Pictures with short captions
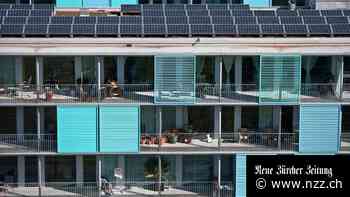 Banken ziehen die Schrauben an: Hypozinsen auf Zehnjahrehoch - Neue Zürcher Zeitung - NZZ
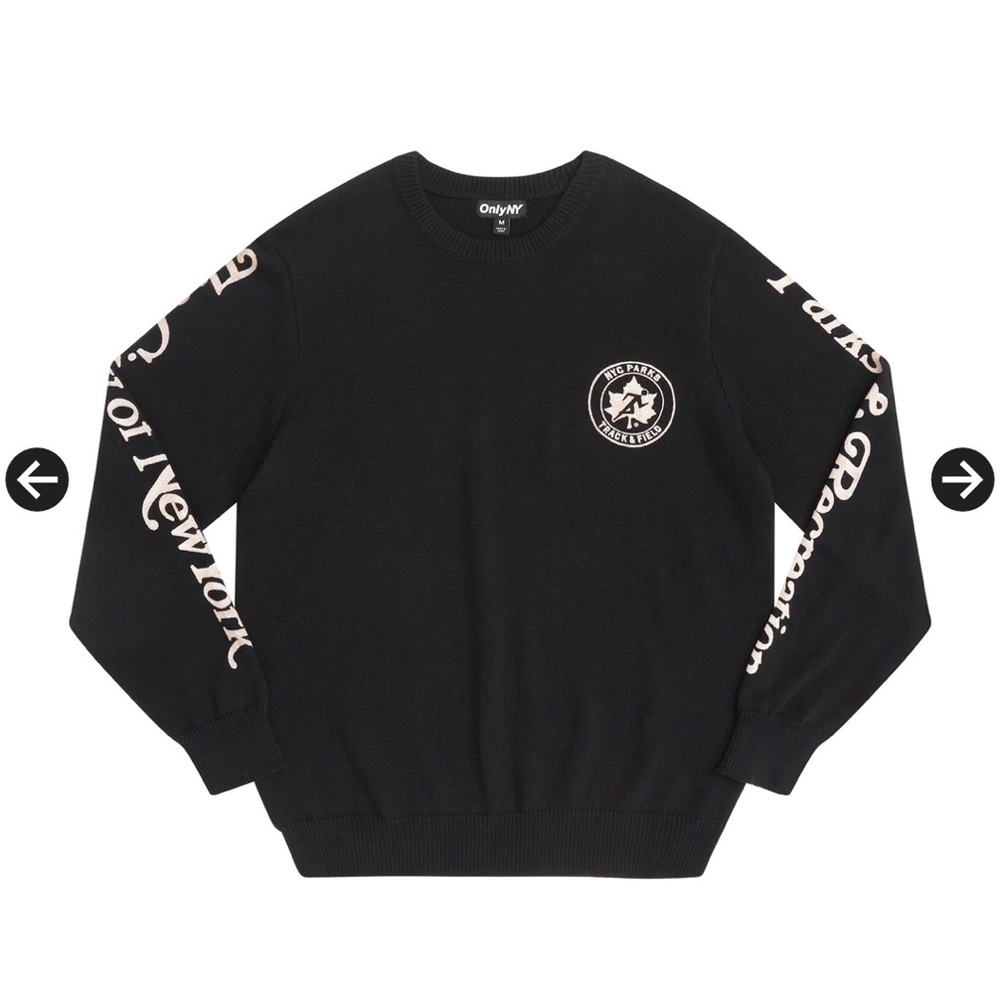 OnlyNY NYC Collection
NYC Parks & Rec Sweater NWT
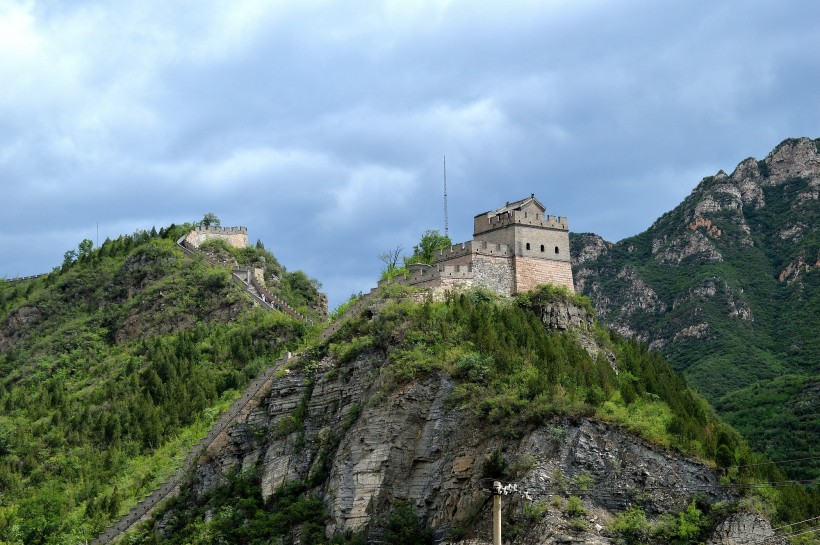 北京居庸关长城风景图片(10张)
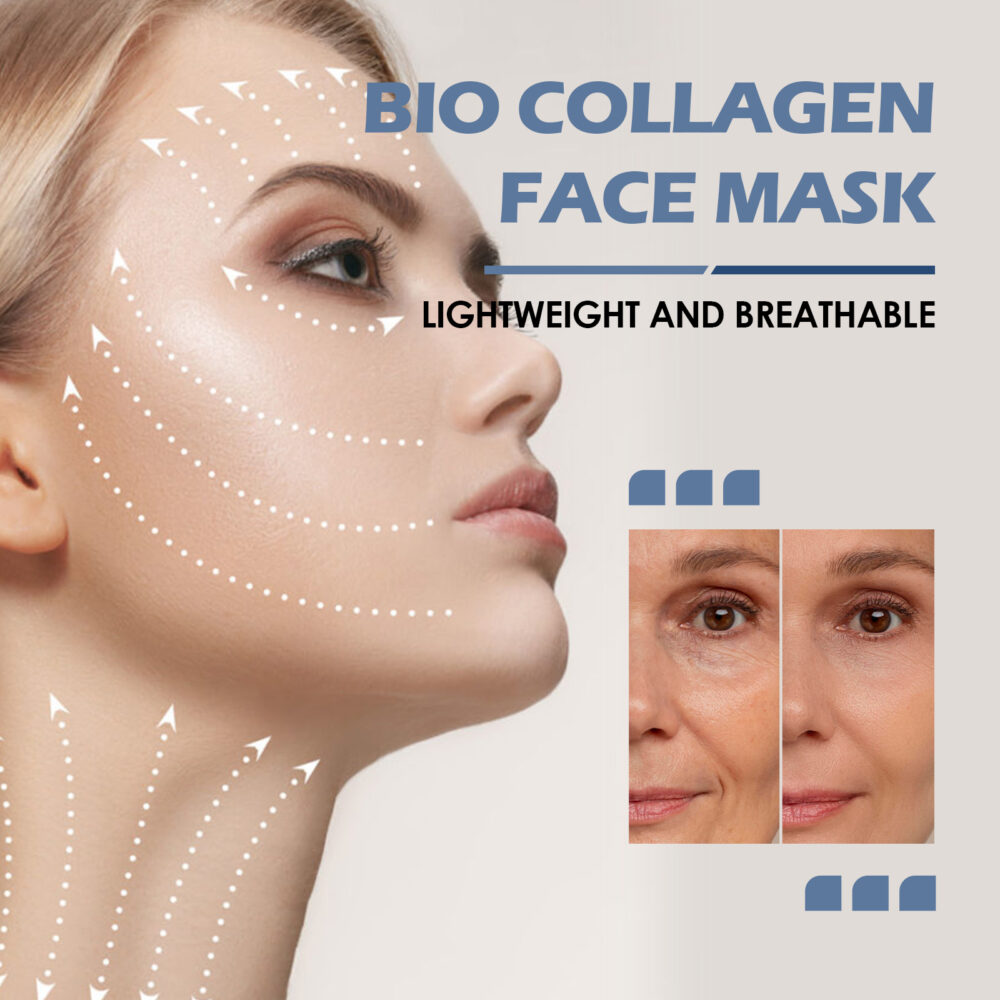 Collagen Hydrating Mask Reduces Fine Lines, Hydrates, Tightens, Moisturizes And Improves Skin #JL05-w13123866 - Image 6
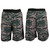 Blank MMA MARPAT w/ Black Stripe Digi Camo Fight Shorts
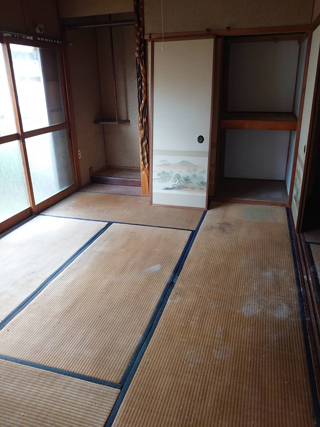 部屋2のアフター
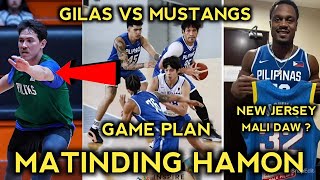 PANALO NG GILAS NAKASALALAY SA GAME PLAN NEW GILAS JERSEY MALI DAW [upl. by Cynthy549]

» **Problem requirements**: Please retype the data exactly as it appears, but without any of its pictures.

» **Written solution**:
 Banken ziehen die Schrauben an: Hypozinsen auf Zehnjahrehoch - Neue Zürcher Zeitung - NZZ
 OnlyNY NYC Collection
NYC Parks & Rec Sweater NWT
 北京居庸关长城风景图片(10张)
 Collagen Hydrating Mask Reduces Fine Lines, Hydrates, Tightens, Moisturizes And Improves Skin #JL05-w13123866 - Image 6
 Blank MMA MARPAT w/ Black Stripe Digi Camo Fight Shorts
 部屋2のアフター
 PANALO NG GILAS NAKASALALAY SA GAME PLAN NEW GILAS JERSEY MALI DAW [upl. by Cynthy549]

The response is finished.